8. Church government necessarily had to change. Gone was the church hierarchy of priests, bishops, cardinals, and popes. Pastors, elders, and deacons were chosen by and from among the people. The government of the church was conducted by elders (teaching and ruling) who formed the consistory and the spiritual council. Beyond the local church was the Classis and the Synod (or Presbytery and General Assembly) where business was conducted and appeals heard. Church government was patterned after the New Testament Church. The ruling elders, chosen by and from among the people, in particular were given the oversight and discipline of the church. There was a return to the meaning of the word “church”—the called out ones who were engrafted into the body of Christ. The Roman church bristled at the idea that there is a “holy catholic church,” (see HC54) because, to them, salvation was only to be found within the Roman Catholic Church.

9. The sacraments were the subject of the most heated of the debates at the time of the Reformation. The Reformed Church, in distinction from the Roman and Lutheran churches, has set forth the meaning of the sacraments in their creeds. Baptism was the covenant sign and seal given to infant children of believers in the church and to converts to the faith to show their inclusion in the Christian Church and the covenant of grace. Lord’s Supper did not present the physical body and blood of Christ to be eaten, but taught that Christ was spiritually present and that we partake of Him in faith. It was not a sacrificial act, but a sacramental act. It became a celebration by all believers of what Christ has done for them on the cross.

10. The doctrines of grace were set forth in what has become known as the Five Points of Calvinism. While these were touched on in other doctrinal areas earlier, here they are placed under the spotlight to distinguish them from Arminianism, where man has a free will and God’s power to save is limited, and thus man plays a pivotal part in his own salvation. Calvinism teaches the sovereign grace and power of God to save His helpless, elect people. These doctrines are especially spelled out in the Canons of Dort: Total Depravity, Unconditional Election, Limited Atonement, Irresistible Grace, and the Perseverance of the Saints.

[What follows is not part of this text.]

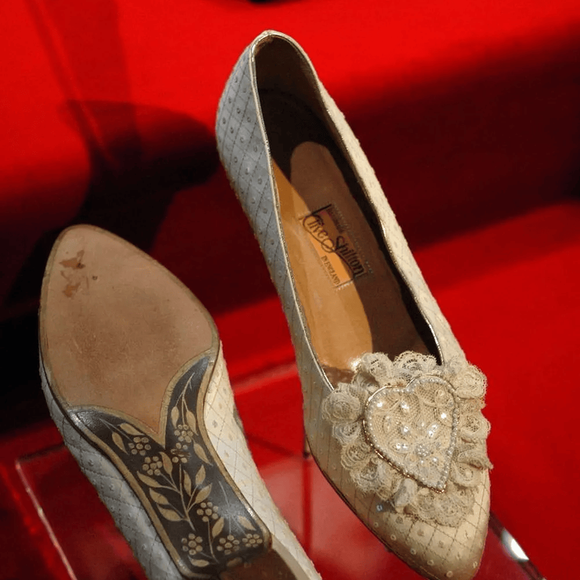 Sapato da princesa trazia as iniciais “C” e “D” e 132 pérolas bordadas à mão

To place salvation entirely in the hand of God removes the one thing that plagued people before the Reformation—FEAR. Instead of fear and insecurity, complete salvation by grace through faith alone gives us the assurance and comfort that can never be achieved apart from the grace of God.

Now, there are certainly more off-shoots and applications of the Reformation that we could look at, but let it suffice to say the Reformation was a top to bottom change in the faith and life of the church. We have an incredibly rich heritage given to us by God—something to really be excited about!

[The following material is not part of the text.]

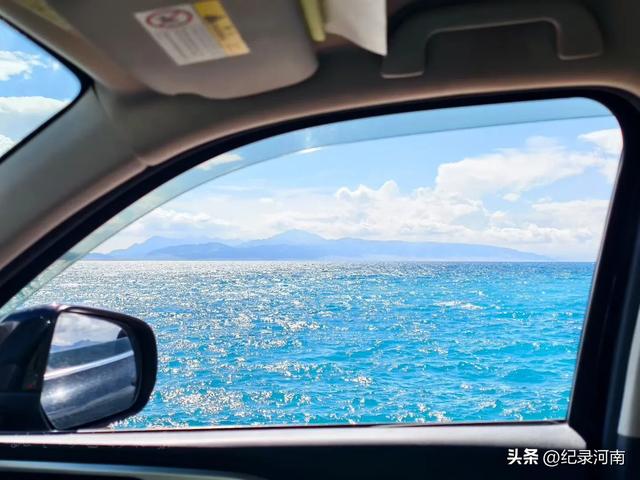 新疆赛里木湖：古老神秘与绝美风光的交织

The Reformation became the occasion for various groups to depart from Roman Catholicism, but certainly not all adhered to the Reformed doctrines as we know them today. There was pietism, rationalism, Lutheranism, anabaptism, Pentecostalism, and Arminianism, etc. These might find their roots in the Reformation, but would not be followers of the Reformers that we have been led by—Calvin, Zwingli, Knox, Bullinger, Ursinus, and Olevianus, etc. It is invaluable for us to pick up the books these men have written to see again how they directed the Reformed Church based on a true interpretation of God’s Word.

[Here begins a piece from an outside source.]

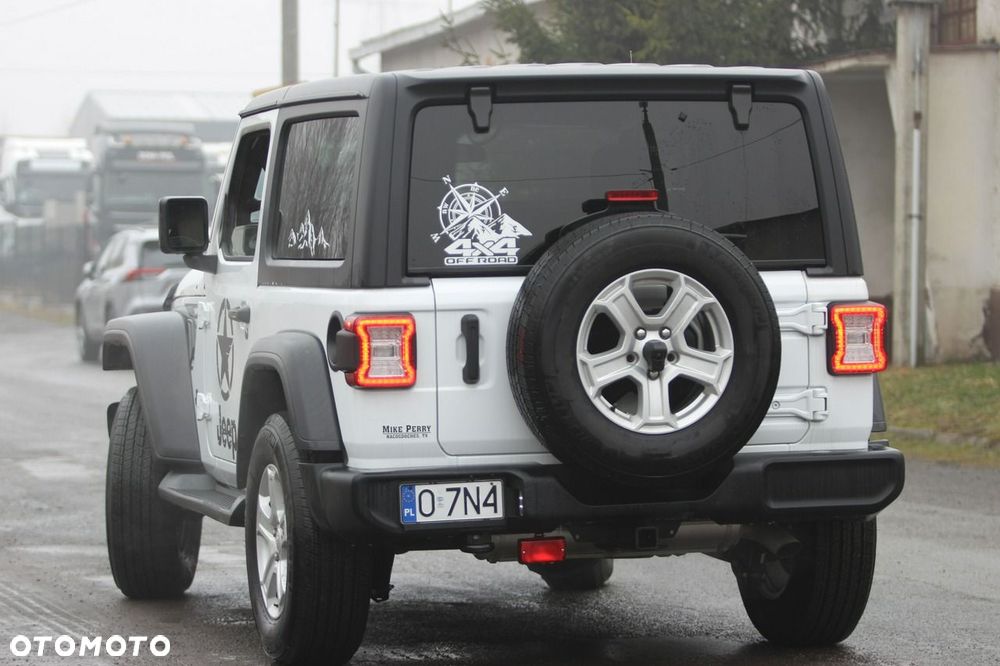 Jeep Wrangler - 33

The question is, how are we handling the inheritance? Is it already spent, or are we investing it in the lives of our offspring that they may have the amazing joy that sprang from the hearts of the people who had become a part of the Reformation? It is said that the church must always be “reforming.” That is true to the extent that we should be building on the doctrines given to us and always directing and redirecting the church according to the infallible Word of God. What this does not mean is that we can depart from these teachings in order to be more culturally acceptable.

Among the heirs of the Protestant Reformation, we have seen enormous departures from the most basic teachings of our Reformed forefathers. In some cases this unraveling harkens back to a pre-Reformation mindset. It is the task of each generation to examine where we have come from, in order to determine where we are going.